Property	Formula	Interpretation
Symmetric	\(\mathbf{H}^\top = \mathbf{H}\)	Projection matrices are self-adjoint
Idempotent	\(\mathbf{H}^2 = \mathbf{H}\)	Projecting twice = projecting once
Trace	\(\mathrm{tr}(\mathbf{H}) = p + 1\)	Degrees of freedom used by the model
Eigenvalues	\(\lambda_i \in \{0, 1\}\)	Consequence of idempotency
Residuals	\(\mathbf{e} = (\mathbf{I} - \mathbf{H})\mathbf{y}\)	Residuals live in the null space of \(\mathbf{X}\)

The diagonal entries \(h_{ii} = [\mathbf{H}]_{ii}\) are called leverage values. They measure how far observation \(i\) is from the centre of the predictor space; high-leverage points have a disproportionate influence on the fitted values.

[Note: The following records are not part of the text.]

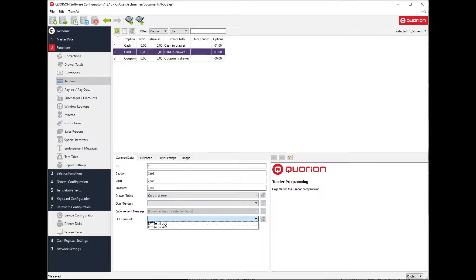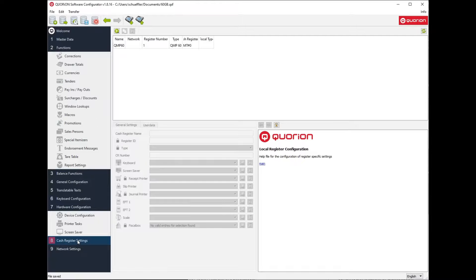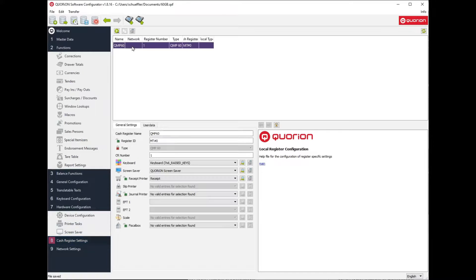Set in the tender function the EFT terminal. Go to cash register settings and set again the EFT terminal on the cash register.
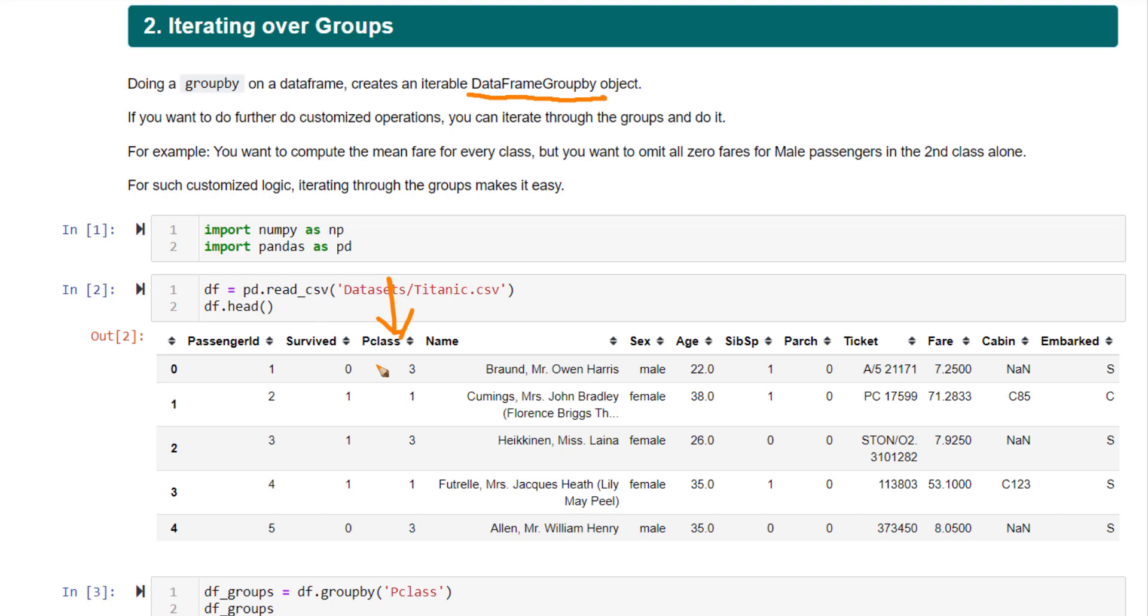This is a small customization to the logic. Now you can do this using the apply function itself - do a groupby and then use apply to compute this logic. But to write that apply function, you need to do a little bit more thinking on how that will work. Instead, if you want to keep it simple, you can directly write a for loop.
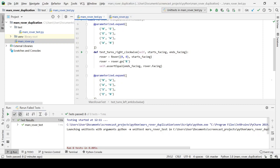Hi there, it's Jason Gorman from Codemanship here with the second part of the fifth video in our series on test-driven development in Python.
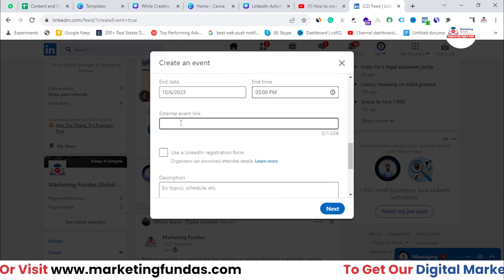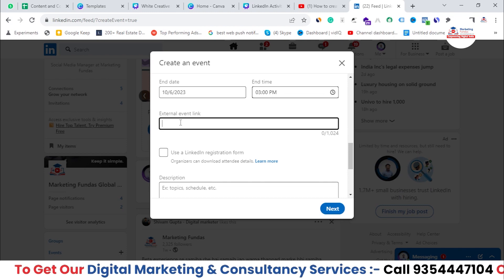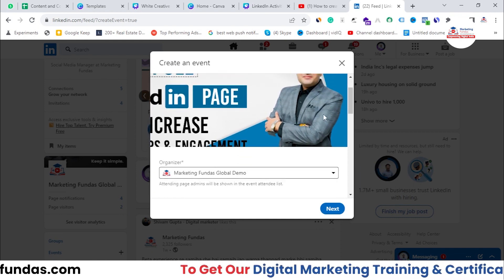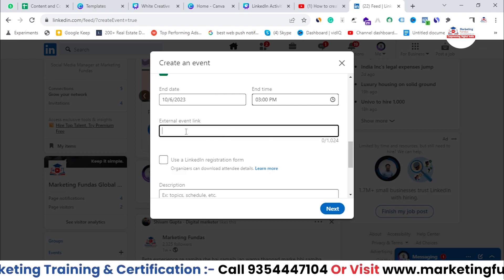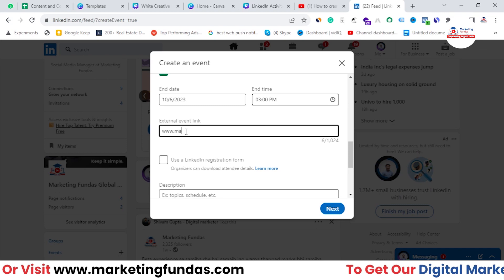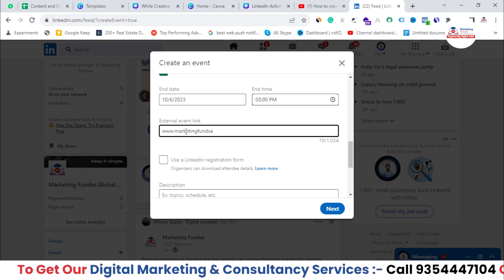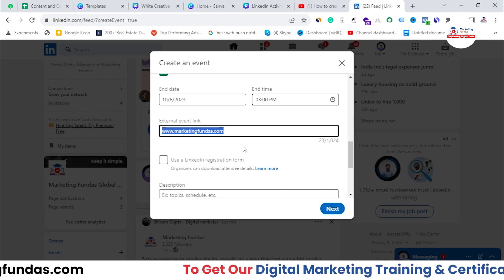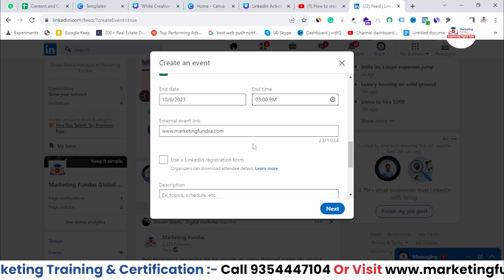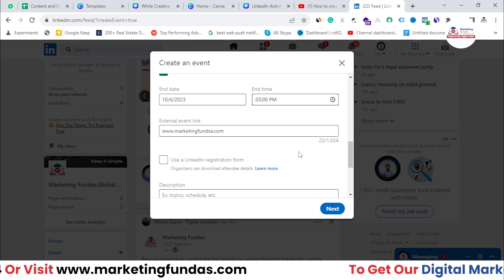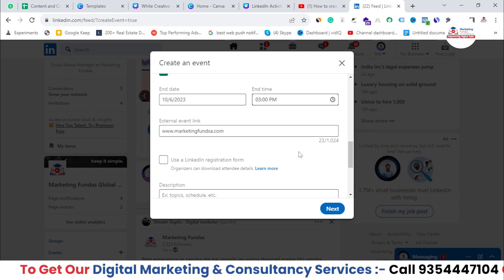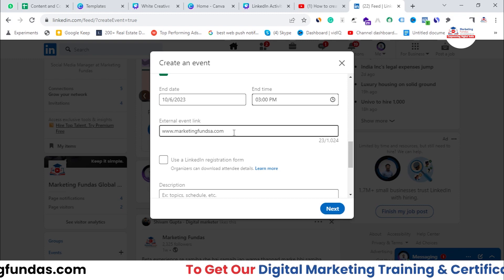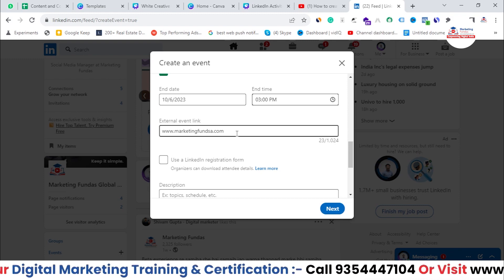For an online event, you need to add an external event link. This is where you paste the link for your Zoom meeting, Google Meet, or any other third-party software you use. First, go to that software, create a meeting, set the timings, get the link, and paste it here. That way, users can directly join the meet by clicking the link from the event notification page. I'm adding 'marketingfunders.com' just as an example.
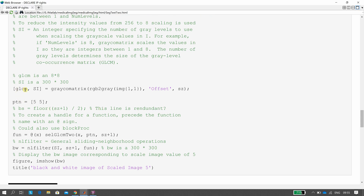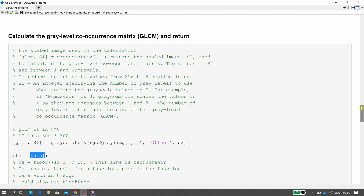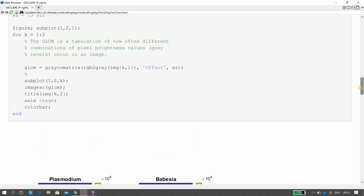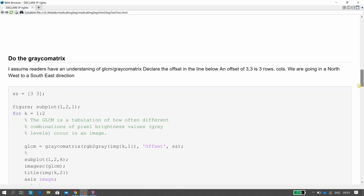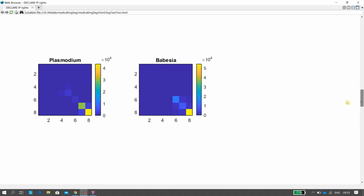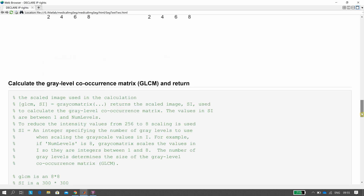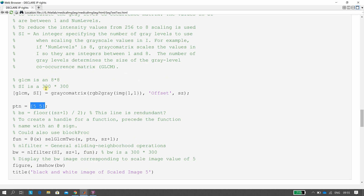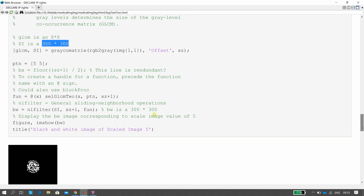So we've got the GLCM and the scaled image, and 5,5 are the values we're looking at. We want to find the co-occurrence value 5,5 in the GLCM. We want to find 5,5 in the 300-by-300 image that we read in. So we want to go through that and find where 5,5 occurs, and we do that here.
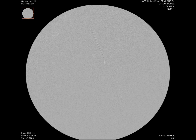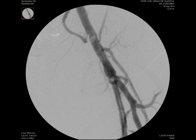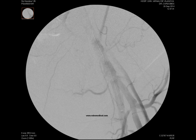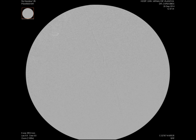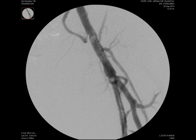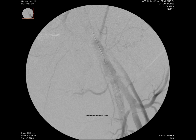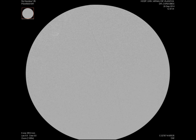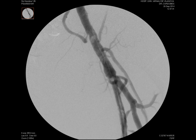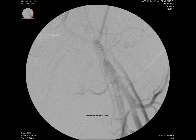We remove the guidewire from the antegrade approach and proceed to release the stent. In this angiography we can see how it is perfectly positioned. It should be noted that the friction of the carrier system with the skin forced us to perform a pull-back release to achieve the correct deployment.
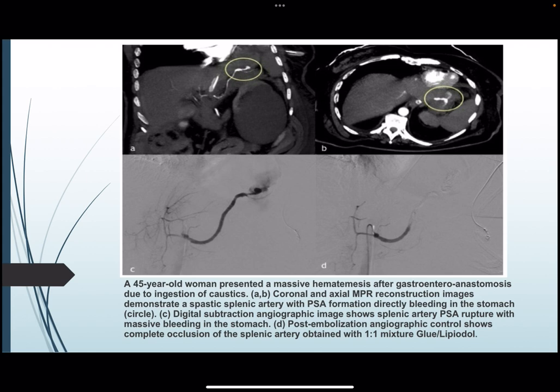A 45-year-old woman presented with massive hematemesis after gastroenteric anastomosis due to ingestion of caustics. Coronal and axial MIP reconstruction images demonstrated a splenic artery pseudoaneurysm with direct bleeding into the stomach. Digital subtraction angiography showed splenic artery rupture with massive bleeding into the stomach. Post-embolization angiographic control showed complete occlusion of the splenic artery obtained with a one-to-one mixture of glue and lipiodol.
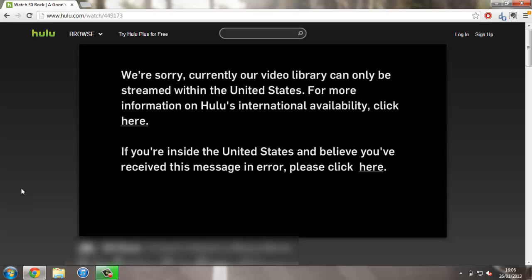You'll get an error message similar to this if you're not using anything to stop this happening, such as a proxy server. But unfortunately, recently Hulu has been stopping proxies working with it, so that's pretty much out of the question to use a proxy, especially free ones.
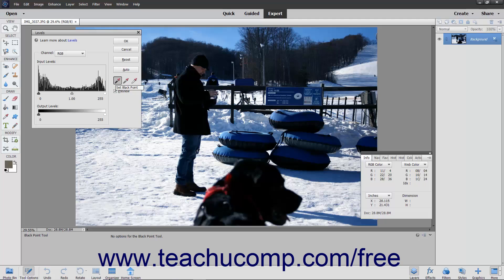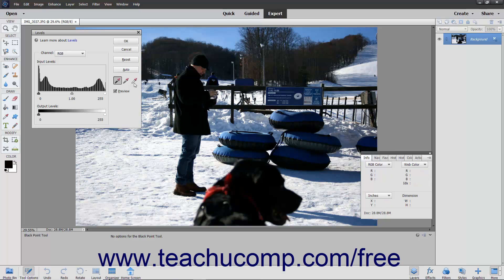Since black is the total absence of color, the RGB levels should be at their lowest levels when you find the blackest part of the image. The opposite is true for white.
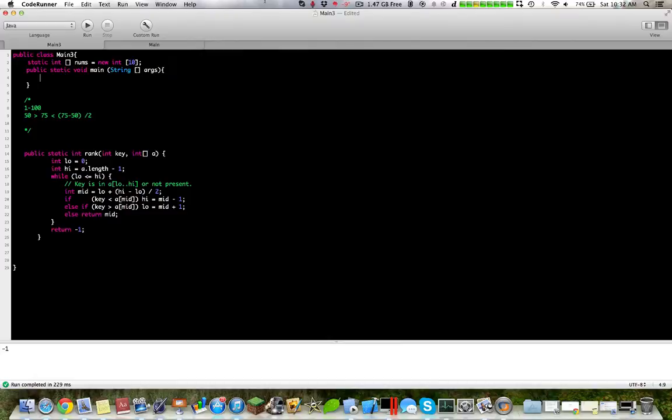I hope you guys enjoyed this quick tutorial and explanation on binary search. Thanks for watching.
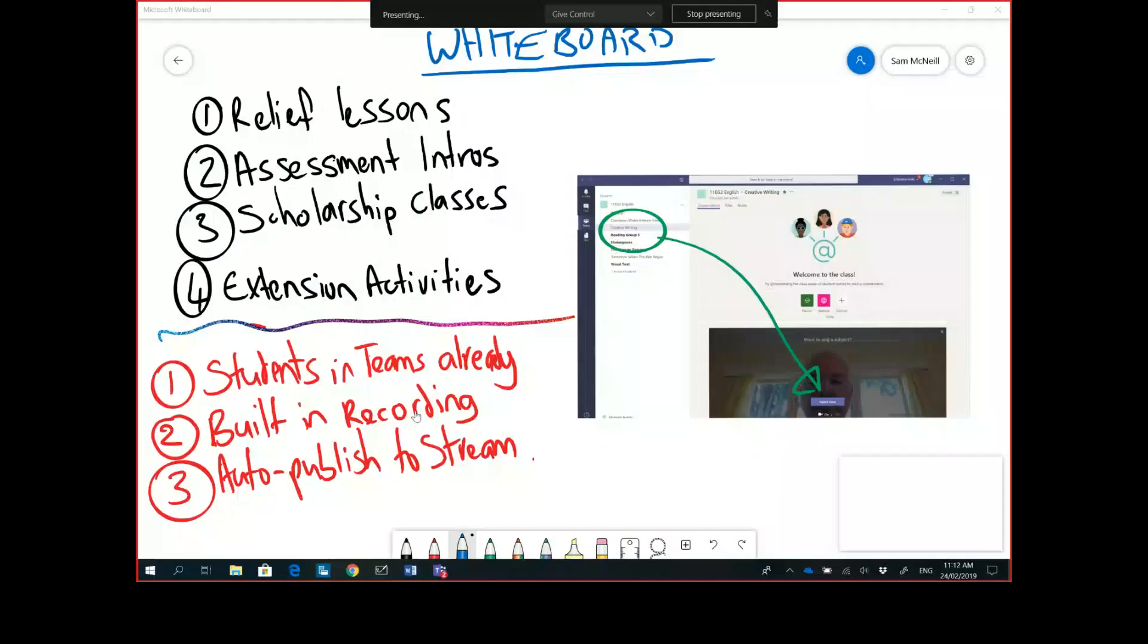Morning guys, what I'm going to share today is a flipped learning hack using Microsoft Teams. I've got my recording started already and I'm going to share my desktop screen as well just so that you can see everything that I've got going on here.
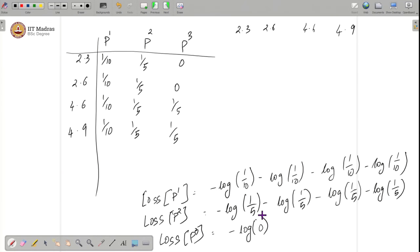In a real density estimation setting, the algorithm would not be given multiple-choice questions like p1, p2, and p3. Instead, it would find the best probabilistic model from an infinite set of models. That is one example.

H = X @ np.linalg.inv(X.T @ X) @ X.T

print("Symmetric?", np.allclose(H, H.T))
print("Idempotent?", np.allclose(H @ H, H))
print("Trace:", np.round(np.trace(H)))    # = p + 1 = 2

leverages = np.diag(H)
fig, ax = plt.subplots(figsize=(8, 3))
ax.stem(x, leverages, markerfmt='C0o', linefmt='C0-', basefmt='k-')
ax.axhline(2 * (2) / n, color='C1', linestyle='--', label=f'2(p+1)/n threshold')
ax.set_xlabel('x')
ax.set_ylabel('Leverage $h_{ii}$')
ax.set_title('Hat Matrix Diagonal (Leverage Values)')
ax.legend()
plt.tight_layout()
plt.show()

Symmetric? True
Idempotent? True
Trace: 2.0

Points at the extremes of the predictor range have the highest leverage — they exert the most pull on the estimated regression line. The conventional threshold for flagging high leverage is \(h_{ii} > 2(p+1)/n\).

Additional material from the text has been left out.